Harriet Sherwood 

Justin Welby’s personal link to child abuser adds fuel to resignation calls

Archbishop of Canterbury was at holiday camps with John Smyth and later failed to act when survivors came forward
  
  

Justin Welby during a synod meeting
Welby was notified of allegations of Smyth’s abuse 11 years ago. Photograph: Leon Neal/Getty Images

Calls for the archbishop of Canterbury to resign over “failures and omissions” regarding the sadistic abuser John Smyth have not come out of the blue.

Welby was notified of allegations of Smyth’s abuse 11 years ago. Channel 4 News brought them to public attention seven years ago, and last week’s independent review of the way the church handled the allegations has been more than five years in the making.

Smyth groomed public schoolboys who attended evangelical Christian summer camps in the late 1970s and early 80s. He took them to a garden shed at his home near Winchester and viciously beat them.

The review, led by Keith Makin, said Smyth, who died in 2018, had subjected his victims to “traumatic physical, sexual, psychological and spiritual attacks. The impact of that abuse is impossible to overstate and has permanently marked the lives of his victims.” Some have tried to kill themselves.

A 1982 investigation secretly carried out by the Iwerne Trust, which funded the holiday camps, was covered up. Winchester college, the public school attended by many of the victims, banned Smyth from its premises but did not report his crimes to the police.

Smyth moved to Zimbabwe, where he continued to abuse boys, and faced charges of killing a 16-year-old boy at a holiday camp in 1992. The case was dismissed. Smyth relocated to South Africa where in 2017 he was removed as a leader of his local church in Cape Town after claims of inappropriate behaviour.

Welby had come across Smyth when he volunteered at the Iwerne Trust holiday camps in Dorset. He said in 2017: “As I recall him, he was a charming, delightful, very clever, brilliant speaker. I wasn’t a close friend of his, I wasn’t in his inner circle or in the inner circle of the leadership of the camp, far from it.”

He has said he had no inkling of the abuse or of concerns about Smyth at the time. Last week’s report said this was “unlikely”. Welby “may not have known of the extreme seriousness of the abuse, but it is most probable that he would have had at least a level of knowledge that John Smyth was of some concern”.

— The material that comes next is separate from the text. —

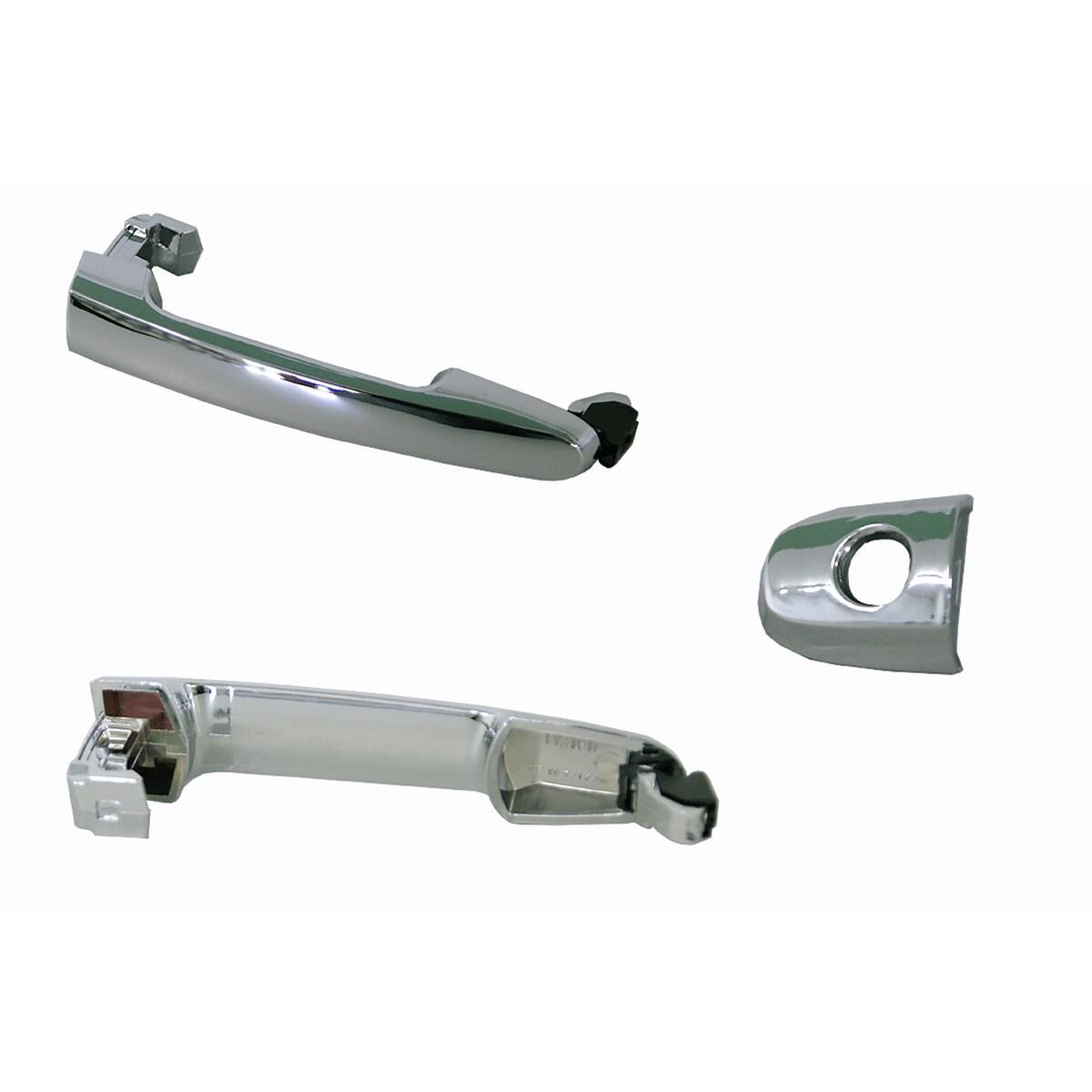 TOYOTA HILUX  KUN/TGN/GGN  04/2005 ~ 06/2015  CHROME OUTERDOOR HANDLEWITH KEY HOLE  FRONT RIGHT HAND SIDE, , scaau_hi-res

In 2013, a few months after Welby took up his role as archbishop, he and other senior figures were notified of the allegations. Last week, he acknowledged that he did not “ensure that this was pursued as energetically, as remorselessly as it should have been”. It was, he said, a “really shaming failure”.

By 2013, there was no excuse for not acting. Thirty years earlier, when initial evidence about Smyth’s abuse was uncovered, it could be argued there was a culture that failed to recognise the damage caused by abuse and that allowed institutions to prioritise reputation over justice.

But the magnitude and repercussions of abuse in the Catholic church had created shock waves around the world by 2013, and the C of E’s own history of abuse and its covering-up was becoming known.

Welby’s instinct on Smyth, as with other cases, appears to have been to hope the issues would go away and the survivors would give up their fight for the truth. Many survivors say the trauma of abuse has been compounded by the way they have been treated by the church. It is like being abused all over again, some say.

Since Welby became archbishop, the C of E has published a string of reports on its handling of abuse cases. Nearly all have found evidence of concealment, cover-up and efforts to contain reputational damage.

The C of E has poured money and resources into its efforts to improve safeguarding and correct the mistakes of the past. There has been some improvement, but most survivors say that overall the church’s response has been inconsistent and often damaging under Welby’s watch.

What marks out this case is that Welby is personally embroiled in it. He was at the holiday camps when Smyth – a man he greatly admired – was grooming boys for sadistic gratification. He was in a position of power when survivors came forward and he failed to act. The C of E has dragged its feet over the review it commissioned into Smyth’s crimes. No wonder the calls for Welby’s resignation are growing.

Some of those with the loudest voices have other disputes with Welby. Traditionalists resent his managerialism and what they see as his failure to cherish small parish churches that have been the C of E’s backbone for centuries. They also say he has gone too far in embracing same-sex couples. Others with a more progressive outlook say he has not gone far enough and that the C of E is out of touch with societal change. Now the two sides appear to be finding a common ground.

For now, Welby appears set on adding to the pile of previous apologies and admissions of shame regarding clerical abuse in the hope of riding out the storm. Plans were already in place for him to announce his retirement in the next couple of months, to take effect when he turns 70 in January 2026. While he will be desperate not to be forced to quit ahead of schedule, he may be keenly looking forward to quieter times ahead.